Exercise aim: Exactly as they appear, copy the lines from the one holding "Upgraded Villa |" through the end of the records, leaving pictures out.

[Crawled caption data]
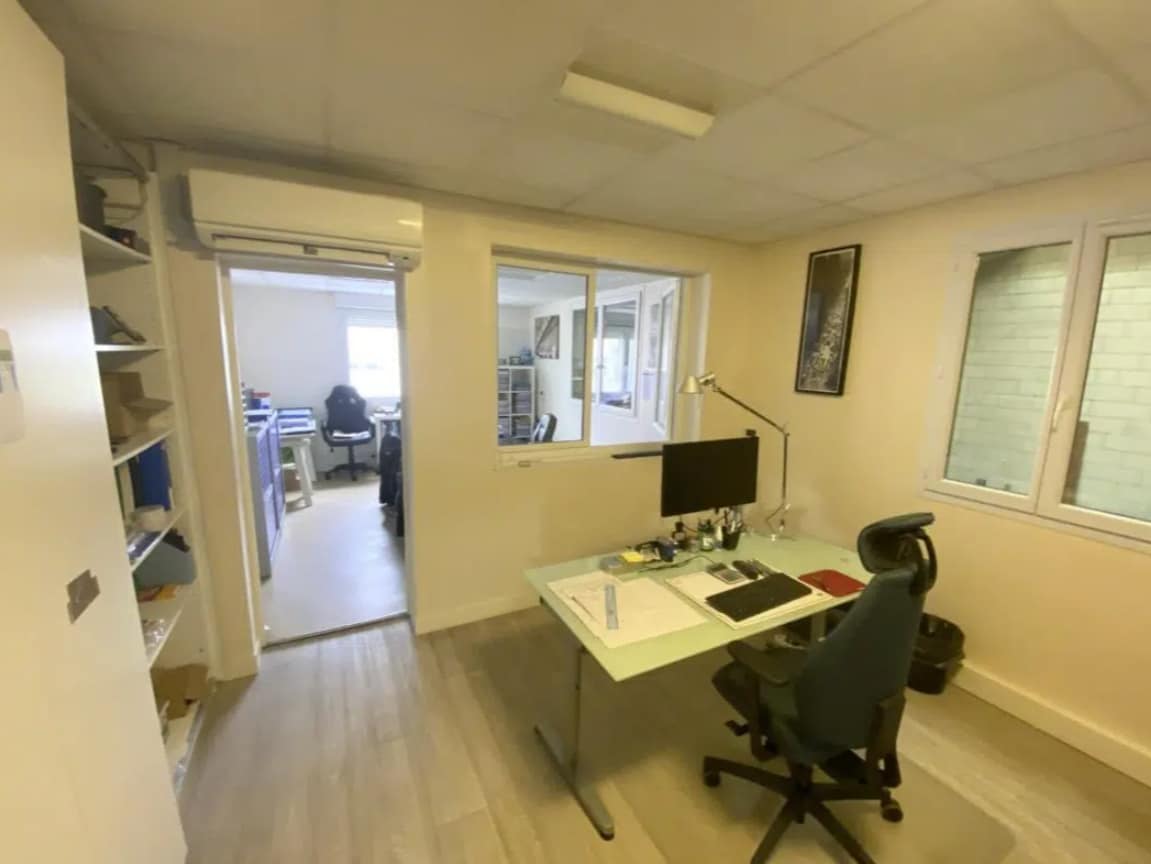 68 Rue Croix De L'Orme, Morainvilliers for lease Interior Photo- Image 1 of 9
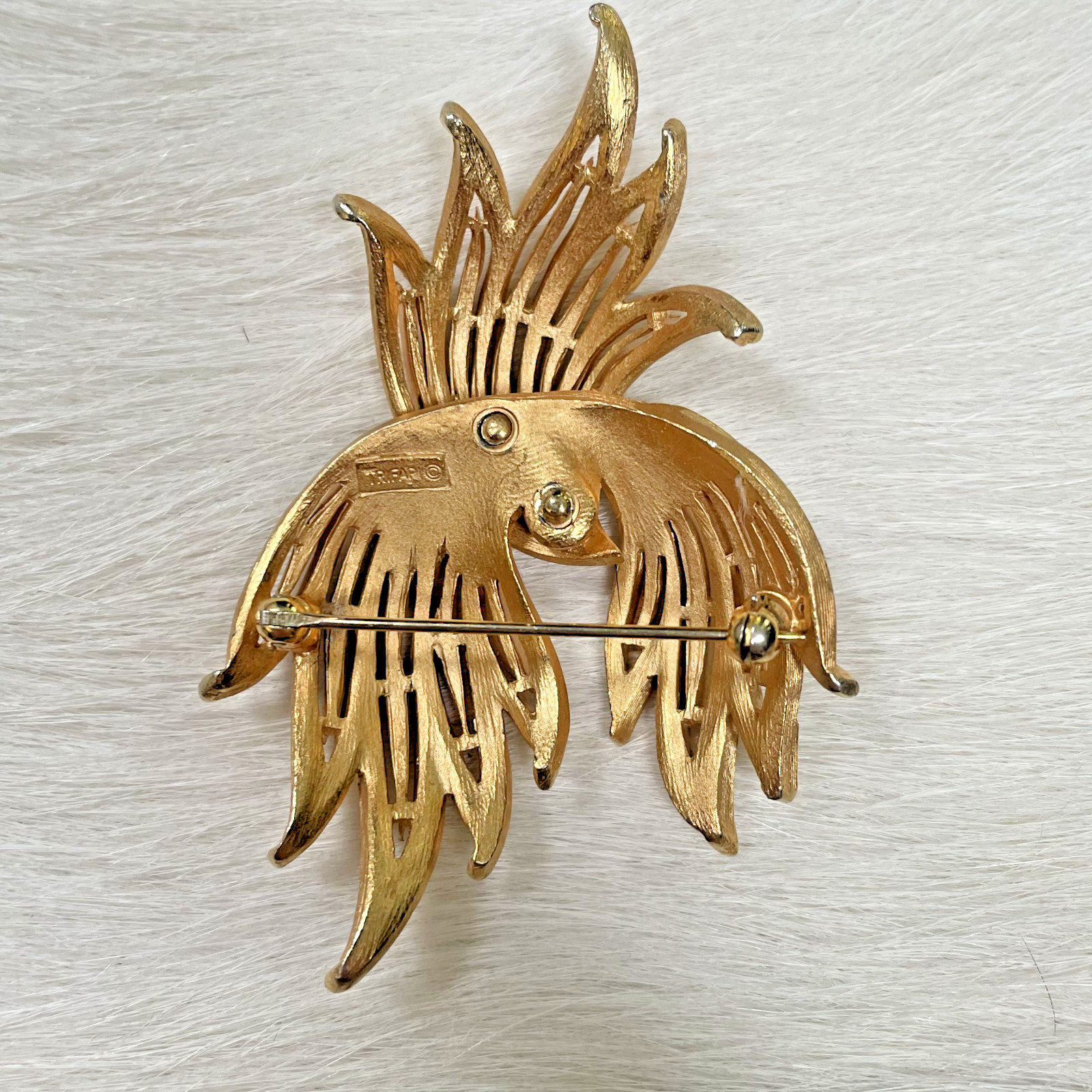 Vintage Crown Trifari Stunning Brushed Gold Tone Flame Design Brooch 1950s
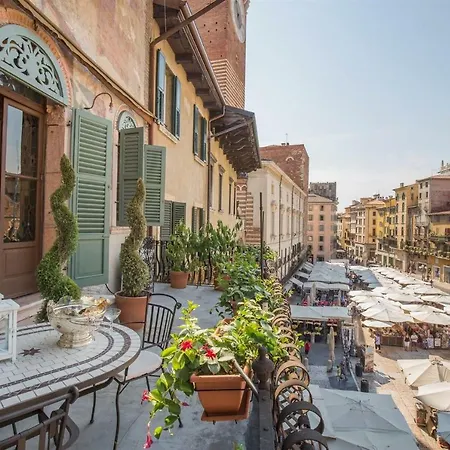 Apartman Mansardina Filarmonico 8 Verona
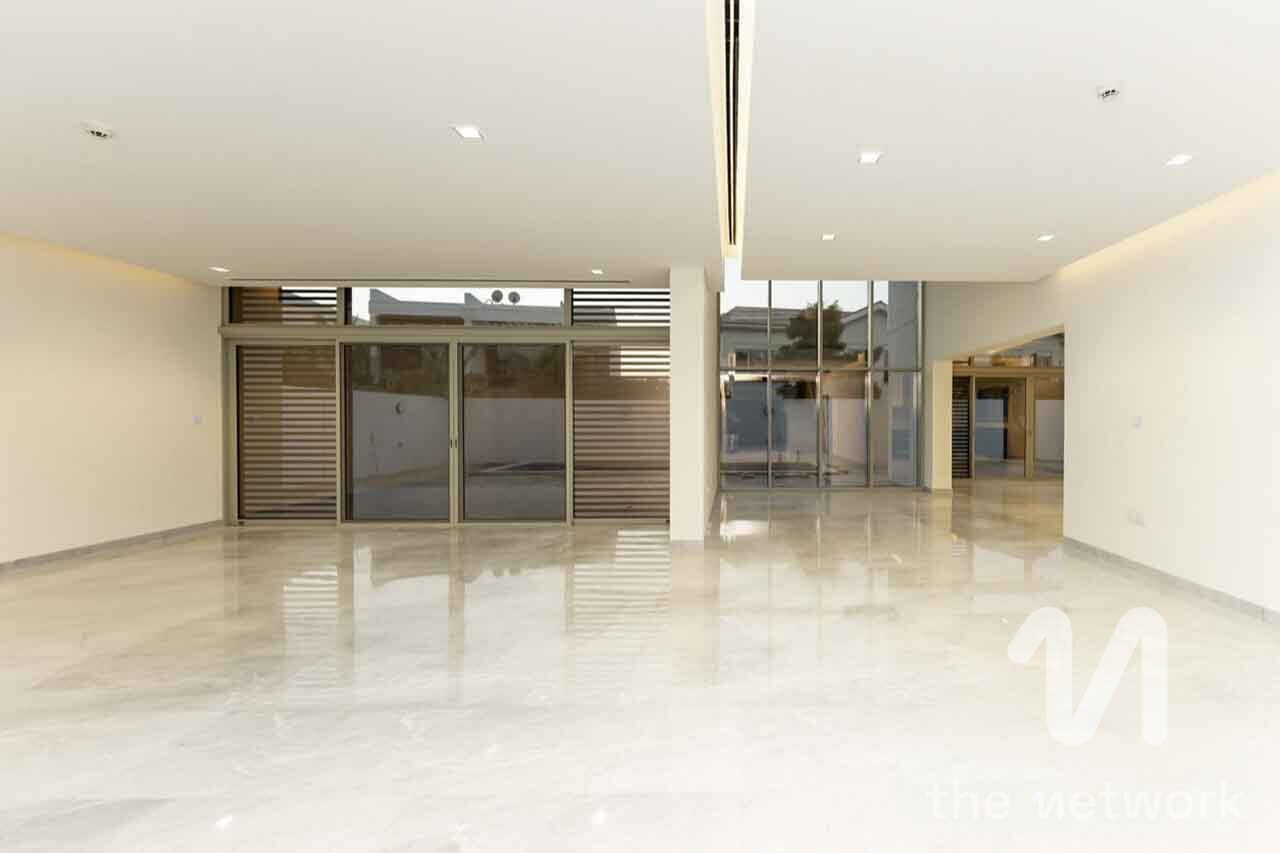 Upgraded Villa | 5 BR + Maid | Burj Khalifa View — District One B Villas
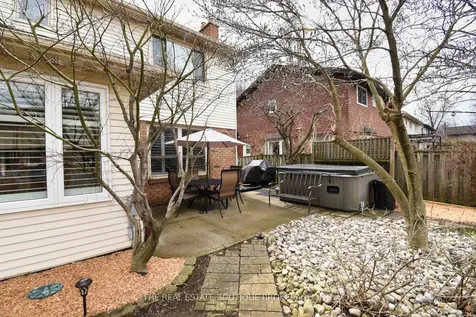 3219 Hazelwood Avenue Burlington ON L7M 2V3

Solution for this task:
 Upgraded Villa | 5 BR + Maid | Burj Khalifa View — District One B Villas
 3219 Hazelwood Avenue Burlington ON L7M 2V3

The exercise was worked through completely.